Segment Open
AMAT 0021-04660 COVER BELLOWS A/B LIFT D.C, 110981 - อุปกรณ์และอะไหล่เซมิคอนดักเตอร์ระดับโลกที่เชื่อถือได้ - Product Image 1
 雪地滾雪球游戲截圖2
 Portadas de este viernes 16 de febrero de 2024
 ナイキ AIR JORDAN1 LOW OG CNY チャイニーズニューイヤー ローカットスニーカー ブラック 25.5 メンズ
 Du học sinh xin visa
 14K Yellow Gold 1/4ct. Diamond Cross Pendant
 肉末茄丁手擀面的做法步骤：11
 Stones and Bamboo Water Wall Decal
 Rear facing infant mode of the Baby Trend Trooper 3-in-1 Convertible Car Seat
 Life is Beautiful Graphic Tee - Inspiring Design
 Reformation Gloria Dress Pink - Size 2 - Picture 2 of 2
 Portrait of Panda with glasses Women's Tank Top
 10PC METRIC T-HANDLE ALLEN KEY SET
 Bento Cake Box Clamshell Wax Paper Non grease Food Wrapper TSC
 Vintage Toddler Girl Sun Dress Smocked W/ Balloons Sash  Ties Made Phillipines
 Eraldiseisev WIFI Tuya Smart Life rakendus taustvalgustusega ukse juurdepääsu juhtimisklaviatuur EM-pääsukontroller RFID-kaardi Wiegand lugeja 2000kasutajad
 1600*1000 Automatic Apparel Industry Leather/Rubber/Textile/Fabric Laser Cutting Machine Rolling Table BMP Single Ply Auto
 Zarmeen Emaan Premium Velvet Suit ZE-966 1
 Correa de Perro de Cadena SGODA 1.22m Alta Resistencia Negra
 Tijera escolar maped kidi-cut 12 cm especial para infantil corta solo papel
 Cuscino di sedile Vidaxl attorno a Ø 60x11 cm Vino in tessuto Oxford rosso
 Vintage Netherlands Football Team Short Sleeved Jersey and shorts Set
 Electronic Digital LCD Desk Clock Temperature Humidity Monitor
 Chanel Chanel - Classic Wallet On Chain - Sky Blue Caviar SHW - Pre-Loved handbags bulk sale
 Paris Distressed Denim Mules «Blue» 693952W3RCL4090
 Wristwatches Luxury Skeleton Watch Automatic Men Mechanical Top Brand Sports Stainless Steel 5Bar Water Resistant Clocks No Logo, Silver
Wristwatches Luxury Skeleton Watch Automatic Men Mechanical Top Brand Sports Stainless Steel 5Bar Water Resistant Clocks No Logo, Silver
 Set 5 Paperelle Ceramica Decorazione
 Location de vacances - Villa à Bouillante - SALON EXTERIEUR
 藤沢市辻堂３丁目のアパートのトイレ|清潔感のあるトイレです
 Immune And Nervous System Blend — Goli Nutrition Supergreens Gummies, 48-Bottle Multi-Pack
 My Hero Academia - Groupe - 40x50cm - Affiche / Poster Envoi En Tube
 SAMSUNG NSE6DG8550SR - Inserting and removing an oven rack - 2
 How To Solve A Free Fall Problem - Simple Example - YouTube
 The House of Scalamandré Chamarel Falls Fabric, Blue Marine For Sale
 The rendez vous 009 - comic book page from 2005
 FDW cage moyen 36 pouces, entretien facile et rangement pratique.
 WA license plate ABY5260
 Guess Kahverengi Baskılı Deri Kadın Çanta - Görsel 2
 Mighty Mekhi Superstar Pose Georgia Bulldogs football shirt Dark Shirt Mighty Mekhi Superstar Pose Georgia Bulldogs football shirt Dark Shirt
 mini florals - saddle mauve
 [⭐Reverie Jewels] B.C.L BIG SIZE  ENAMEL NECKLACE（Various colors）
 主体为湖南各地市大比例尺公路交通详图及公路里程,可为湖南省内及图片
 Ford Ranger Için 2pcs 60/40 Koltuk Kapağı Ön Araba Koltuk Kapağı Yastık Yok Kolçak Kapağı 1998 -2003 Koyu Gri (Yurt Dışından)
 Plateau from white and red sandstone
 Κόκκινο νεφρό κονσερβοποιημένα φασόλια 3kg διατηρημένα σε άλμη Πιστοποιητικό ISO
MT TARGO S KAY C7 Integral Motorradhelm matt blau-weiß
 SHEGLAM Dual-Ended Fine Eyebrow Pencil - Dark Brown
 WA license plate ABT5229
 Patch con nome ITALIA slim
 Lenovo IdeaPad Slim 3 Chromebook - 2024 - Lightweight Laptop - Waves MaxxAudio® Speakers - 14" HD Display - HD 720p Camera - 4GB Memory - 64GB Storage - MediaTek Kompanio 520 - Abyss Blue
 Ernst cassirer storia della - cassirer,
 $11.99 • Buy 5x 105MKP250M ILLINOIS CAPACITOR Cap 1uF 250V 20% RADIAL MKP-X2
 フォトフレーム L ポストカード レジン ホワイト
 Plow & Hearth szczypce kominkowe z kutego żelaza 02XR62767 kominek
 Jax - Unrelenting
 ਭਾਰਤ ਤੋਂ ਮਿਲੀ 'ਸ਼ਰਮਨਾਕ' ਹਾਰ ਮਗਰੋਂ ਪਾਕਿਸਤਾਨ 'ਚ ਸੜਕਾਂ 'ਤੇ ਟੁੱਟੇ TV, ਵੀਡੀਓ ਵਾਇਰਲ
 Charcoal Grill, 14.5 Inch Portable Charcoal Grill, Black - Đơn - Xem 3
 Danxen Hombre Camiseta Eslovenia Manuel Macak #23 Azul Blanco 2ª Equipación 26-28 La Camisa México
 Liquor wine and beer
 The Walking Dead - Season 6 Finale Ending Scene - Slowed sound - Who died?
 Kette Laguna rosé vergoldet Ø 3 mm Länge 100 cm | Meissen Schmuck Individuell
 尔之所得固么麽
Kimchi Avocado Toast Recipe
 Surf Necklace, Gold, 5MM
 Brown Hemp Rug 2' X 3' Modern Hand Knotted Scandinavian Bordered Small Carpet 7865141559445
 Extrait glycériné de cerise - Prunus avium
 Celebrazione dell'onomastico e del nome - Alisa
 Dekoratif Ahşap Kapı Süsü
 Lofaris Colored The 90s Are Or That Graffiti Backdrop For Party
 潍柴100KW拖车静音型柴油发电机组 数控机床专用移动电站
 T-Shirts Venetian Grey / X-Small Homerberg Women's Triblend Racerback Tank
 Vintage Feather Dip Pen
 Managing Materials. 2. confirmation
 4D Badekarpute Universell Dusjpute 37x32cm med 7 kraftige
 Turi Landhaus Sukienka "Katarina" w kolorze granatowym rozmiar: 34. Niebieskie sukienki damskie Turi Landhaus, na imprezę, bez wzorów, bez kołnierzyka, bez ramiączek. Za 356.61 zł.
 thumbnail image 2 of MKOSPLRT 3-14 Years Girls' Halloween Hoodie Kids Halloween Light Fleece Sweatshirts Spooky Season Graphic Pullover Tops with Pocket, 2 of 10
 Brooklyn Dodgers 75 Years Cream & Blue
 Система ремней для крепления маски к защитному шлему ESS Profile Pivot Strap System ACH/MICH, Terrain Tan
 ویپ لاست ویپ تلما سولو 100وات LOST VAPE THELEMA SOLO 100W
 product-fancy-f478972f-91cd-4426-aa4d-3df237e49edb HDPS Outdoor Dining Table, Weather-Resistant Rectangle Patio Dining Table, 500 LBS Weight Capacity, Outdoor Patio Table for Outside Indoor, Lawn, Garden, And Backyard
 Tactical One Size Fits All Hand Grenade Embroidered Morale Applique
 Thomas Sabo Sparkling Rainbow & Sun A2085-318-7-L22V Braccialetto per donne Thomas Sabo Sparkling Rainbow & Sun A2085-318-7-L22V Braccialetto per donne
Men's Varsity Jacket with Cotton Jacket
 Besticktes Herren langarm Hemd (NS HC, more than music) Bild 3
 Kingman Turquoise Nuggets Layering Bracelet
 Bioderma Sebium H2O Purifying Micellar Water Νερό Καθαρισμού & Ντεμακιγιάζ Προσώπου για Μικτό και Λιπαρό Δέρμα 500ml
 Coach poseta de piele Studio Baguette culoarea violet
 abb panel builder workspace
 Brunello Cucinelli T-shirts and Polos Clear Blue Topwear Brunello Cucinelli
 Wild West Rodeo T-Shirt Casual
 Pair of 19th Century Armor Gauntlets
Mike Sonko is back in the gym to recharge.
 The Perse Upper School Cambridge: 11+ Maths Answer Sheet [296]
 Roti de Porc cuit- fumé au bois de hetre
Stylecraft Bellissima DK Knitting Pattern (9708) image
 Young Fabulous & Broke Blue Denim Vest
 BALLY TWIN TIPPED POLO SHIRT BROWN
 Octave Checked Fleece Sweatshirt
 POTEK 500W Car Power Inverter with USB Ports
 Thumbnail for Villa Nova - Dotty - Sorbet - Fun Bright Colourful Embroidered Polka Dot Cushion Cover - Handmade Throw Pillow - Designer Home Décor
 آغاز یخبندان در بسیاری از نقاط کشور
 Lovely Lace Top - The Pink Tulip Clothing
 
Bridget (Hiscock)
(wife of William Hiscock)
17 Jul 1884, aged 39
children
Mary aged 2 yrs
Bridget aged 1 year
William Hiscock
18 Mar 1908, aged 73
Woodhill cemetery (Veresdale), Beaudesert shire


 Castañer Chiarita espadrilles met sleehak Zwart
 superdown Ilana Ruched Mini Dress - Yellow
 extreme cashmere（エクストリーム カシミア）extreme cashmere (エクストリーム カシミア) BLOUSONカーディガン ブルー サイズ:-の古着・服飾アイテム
Segment Closed
What is expected:
In the data above, retype exactly and only the lines between the one holding "Managing Materials. 2. confirmation" and the one holding "Turi Landhaus Sukienka", inclusive.

Result:
 Managing Materials. 2. confirmation
 4D Badekarpute Universell Dusjpute 37x32cm med 7 kraftige
 Turi Landhaus Sukienka "Katarina" w kolorze granatowym rozmiar: 34. Niebieskie sukienki damskie Turi Landhaus, na imprezę, bez wzorów, bez kołnierzyka, bez ramiączek. Za 356.61 zł.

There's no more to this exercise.